§ Required work:
Lines from the records below that contain the word "Cover" are to be copied out.

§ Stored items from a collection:

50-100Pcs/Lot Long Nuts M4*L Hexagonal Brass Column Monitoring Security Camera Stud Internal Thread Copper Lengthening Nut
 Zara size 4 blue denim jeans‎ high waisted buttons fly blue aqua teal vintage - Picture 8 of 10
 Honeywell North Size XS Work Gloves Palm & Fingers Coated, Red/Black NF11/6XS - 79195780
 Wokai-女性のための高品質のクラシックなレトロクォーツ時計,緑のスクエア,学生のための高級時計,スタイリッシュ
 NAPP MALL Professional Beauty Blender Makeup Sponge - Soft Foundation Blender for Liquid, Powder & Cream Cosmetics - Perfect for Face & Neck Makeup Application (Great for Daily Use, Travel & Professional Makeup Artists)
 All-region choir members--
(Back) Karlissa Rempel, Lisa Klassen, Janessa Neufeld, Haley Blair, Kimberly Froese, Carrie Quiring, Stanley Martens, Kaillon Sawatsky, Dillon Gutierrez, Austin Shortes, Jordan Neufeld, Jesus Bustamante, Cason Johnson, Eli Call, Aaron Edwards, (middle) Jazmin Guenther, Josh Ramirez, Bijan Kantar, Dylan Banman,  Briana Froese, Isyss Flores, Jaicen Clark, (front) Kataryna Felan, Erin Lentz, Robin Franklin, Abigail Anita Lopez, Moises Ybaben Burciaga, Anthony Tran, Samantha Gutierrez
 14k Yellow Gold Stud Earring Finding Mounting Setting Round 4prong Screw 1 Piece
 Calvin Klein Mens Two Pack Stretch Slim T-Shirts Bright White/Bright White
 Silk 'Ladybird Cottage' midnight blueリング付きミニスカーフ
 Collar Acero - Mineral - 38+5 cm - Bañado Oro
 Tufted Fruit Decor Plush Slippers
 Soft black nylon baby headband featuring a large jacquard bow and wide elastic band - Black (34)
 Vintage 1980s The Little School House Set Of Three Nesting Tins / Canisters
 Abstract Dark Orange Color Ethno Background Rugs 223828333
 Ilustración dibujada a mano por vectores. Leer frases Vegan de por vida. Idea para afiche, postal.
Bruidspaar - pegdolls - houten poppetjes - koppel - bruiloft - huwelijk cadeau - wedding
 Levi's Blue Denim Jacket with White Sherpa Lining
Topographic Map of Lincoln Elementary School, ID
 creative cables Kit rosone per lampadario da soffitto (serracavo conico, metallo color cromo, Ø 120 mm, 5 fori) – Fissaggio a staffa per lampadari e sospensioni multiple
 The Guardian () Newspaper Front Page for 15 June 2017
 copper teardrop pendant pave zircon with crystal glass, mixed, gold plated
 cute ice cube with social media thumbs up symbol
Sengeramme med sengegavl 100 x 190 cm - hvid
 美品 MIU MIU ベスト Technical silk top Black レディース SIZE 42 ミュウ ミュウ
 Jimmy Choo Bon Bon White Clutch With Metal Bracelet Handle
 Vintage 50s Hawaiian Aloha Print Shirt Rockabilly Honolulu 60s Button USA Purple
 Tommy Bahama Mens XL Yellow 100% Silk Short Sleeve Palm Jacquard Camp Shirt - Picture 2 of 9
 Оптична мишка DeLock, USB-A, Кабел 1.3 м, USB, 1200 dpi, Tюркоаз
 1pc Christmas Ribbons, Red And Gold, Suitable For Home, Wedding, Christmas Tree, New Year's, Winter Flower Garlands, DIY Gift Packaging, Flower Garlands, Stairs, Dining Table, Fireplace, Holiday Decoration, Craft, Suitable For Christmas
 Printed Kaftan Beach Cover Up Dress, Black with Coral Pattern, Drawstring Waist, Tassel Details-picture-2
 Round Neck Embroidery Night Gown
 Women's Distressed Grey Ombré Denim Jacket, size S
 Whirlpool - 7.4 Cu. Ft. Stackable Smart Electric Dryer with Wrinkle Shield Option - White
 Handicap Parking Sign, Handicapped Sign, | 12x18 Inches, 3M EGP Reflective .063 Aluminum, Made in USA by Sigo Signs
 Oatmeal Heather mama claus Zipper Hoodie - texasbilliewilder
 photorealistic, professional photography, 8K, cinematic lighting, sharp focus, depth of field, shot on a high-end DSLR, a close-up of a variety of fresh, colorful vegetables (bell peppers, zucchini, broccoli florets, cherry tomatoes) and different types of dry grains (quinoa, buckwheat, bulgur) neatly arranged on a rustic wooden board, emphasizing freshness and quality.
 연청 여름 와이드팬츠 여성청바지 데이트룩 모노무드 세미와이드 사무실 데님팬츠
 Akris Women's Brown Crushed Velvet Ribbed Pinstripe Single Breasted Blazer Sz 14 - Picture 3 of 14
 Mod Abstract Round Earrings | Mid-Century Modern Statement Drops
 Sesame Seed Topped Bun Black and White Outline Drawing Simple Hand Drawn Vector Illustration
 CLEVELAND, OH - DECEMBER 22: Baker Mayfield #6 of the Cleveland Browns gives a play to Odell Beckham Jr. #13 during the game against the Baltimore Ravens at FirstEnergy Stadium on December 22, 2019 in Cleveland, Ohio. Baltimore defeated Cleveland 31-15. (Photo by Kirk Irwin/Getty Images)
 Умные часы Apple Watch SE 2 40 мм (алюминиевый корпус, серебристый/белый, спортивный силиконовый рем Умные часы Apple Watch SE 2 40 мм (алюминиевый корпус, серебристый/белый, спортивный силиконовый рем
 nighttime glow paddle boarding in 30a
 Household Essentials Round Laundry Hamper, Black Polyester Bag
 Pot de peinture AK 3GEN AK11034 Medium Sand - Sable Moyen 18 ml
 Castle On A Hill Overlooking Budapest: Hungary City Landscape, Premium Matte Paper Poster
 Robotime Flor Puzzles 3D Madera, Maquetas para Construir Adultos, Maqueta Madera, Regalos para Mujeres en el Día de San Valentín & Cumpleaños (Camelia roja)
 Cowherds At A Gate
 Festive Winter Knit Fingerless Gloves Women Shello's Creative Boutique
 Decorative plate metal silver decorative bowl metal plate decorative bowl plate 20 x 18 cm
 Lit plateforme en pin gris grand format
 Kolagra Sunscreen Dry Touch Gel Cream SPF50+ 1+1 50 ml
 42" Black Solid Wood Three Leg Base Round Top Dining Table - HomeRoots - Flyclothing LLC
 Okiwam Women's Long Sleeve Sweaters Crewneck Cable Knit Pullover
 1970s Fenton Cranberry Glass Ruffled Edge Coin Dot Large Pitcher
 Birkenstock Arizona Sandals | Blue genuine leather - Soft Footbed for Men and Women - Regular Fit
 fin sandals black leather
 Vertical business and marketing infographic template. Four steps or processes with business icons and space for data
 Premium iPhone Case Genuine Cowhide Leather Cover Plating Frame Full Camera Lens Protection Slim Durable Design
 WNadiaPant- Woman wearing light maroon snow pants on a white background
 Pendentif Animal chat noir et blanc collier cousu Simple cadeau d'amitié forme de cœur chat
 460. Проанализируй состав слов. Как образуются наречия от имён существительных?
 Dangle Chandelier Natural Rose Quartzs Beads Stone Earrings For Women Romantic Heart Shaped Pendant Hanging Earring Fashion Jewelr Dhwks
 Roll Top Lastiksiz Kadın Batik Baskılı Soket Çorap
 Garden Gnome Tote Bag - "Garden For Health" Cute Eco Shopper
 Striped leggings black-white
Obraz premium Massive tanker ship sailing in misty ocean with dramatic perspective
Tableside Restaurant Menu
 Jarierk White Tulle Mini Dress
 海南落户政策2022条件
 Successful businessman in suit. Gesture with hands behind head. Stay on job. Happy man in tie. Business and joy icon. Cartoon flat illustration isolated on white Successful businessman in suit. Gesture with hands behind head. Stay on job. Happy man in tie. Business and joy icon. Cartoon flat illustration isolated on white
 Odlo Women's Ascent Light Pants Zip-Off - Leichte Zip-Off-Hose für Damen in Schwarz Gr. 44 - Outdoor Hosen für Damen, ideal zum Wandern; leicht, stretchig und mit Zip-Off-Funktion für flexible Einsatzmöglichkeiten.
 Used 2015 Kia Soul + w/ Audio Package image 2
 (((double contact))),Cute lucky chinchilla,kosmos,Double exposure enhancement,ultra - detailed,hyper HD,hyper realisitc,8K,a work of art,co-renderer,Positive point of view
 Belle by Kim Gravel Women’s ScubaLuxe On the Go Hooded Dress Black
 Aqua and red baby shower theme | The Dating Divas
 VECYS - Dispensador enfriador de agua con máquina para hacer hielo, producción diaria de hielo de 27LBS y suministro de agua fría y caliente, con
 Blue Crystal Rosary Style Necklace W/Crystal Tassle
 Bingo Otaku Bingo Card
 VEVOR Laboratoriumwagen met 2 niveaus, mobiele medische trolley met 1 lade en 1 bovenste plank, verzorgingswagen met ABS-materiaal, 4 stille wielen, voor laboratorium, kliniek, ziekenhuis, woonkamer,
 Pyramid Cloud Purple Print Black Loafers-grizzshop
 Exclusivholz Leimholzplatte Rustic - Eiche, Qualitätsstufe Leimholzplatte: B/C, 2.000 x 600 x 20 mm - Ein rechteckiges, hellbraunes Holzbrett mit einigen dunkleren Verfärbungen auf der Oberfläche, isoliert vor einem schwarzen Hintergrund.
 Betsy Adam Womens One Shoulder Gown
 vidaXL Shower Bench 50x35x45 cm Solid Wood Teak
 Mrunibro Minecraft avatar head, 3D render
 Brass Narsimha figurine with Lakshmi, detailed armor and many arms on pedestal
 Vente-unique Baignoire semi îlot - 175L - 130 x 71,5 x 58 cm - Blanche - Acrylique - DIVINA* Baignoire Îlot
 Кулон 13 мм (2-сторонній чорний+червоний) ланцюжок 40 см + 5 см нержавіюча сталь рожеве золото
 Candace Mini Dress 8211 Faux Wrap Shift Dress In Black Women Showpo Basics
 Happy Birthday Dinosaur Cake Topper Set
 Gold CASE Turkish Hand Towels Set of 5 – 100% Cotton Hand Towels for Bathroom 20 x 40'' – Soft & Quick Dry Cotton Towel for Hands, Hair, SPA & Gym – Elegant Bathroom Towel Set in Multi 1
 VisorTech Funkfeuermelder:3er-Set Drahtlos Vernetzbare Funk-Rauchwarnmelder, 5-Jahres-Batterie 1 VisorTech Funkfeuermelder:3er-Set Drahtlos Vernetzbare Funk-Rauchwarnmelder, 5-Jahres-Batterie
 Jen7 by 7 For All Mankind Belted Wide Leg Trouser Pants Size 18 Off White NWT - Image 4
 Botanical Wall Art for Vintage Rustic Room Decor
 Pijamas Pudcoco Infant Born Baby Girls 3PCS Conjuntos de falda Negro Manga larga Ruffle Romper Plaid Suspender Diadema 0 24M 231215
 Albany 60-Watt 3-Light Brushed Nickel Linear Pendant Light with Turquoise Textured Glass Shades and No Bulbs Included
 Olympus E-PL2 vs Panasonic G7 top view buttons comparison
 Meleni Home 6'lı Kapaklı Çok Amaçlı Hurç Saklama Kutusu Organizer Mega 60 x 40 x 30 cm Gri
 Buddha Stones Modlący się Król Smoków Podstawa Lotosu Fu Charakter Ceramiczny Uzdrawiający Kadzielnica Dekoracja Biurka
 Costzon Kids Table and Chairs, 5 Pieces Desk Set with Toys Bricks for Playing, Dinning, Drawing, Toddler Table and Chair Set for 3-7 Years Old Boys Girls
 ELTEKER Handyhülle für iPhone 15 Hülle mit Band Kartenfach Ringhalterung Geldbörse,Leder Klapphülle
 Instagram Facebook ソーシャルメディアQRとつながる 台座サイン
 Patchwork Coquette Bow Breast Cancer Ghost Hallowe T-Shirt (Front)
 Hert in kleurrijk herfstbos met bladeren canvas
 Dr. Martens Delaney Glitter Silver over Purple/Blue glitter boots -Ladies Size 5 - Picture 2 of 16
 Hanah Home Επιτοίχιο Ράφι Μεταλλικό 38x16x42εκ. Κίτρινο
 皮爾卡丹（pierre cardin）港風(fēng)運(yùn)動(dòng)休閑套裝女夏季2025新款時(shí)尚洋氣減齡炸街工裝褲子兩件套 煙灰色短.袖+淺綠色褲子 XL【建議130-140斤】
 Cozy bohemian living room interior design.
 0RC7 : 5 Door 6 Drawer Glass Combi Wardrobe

§ Result below:
 Printed Kaftan Beach Cover Up Dress, Black with Coral Pattern, Drawstring Waist, Tassel Details-picture-2
 Premium iPhone Case Genuine Cowhide Leather Cover Plating Frame Full Camera Lens Protection Slim Durable Design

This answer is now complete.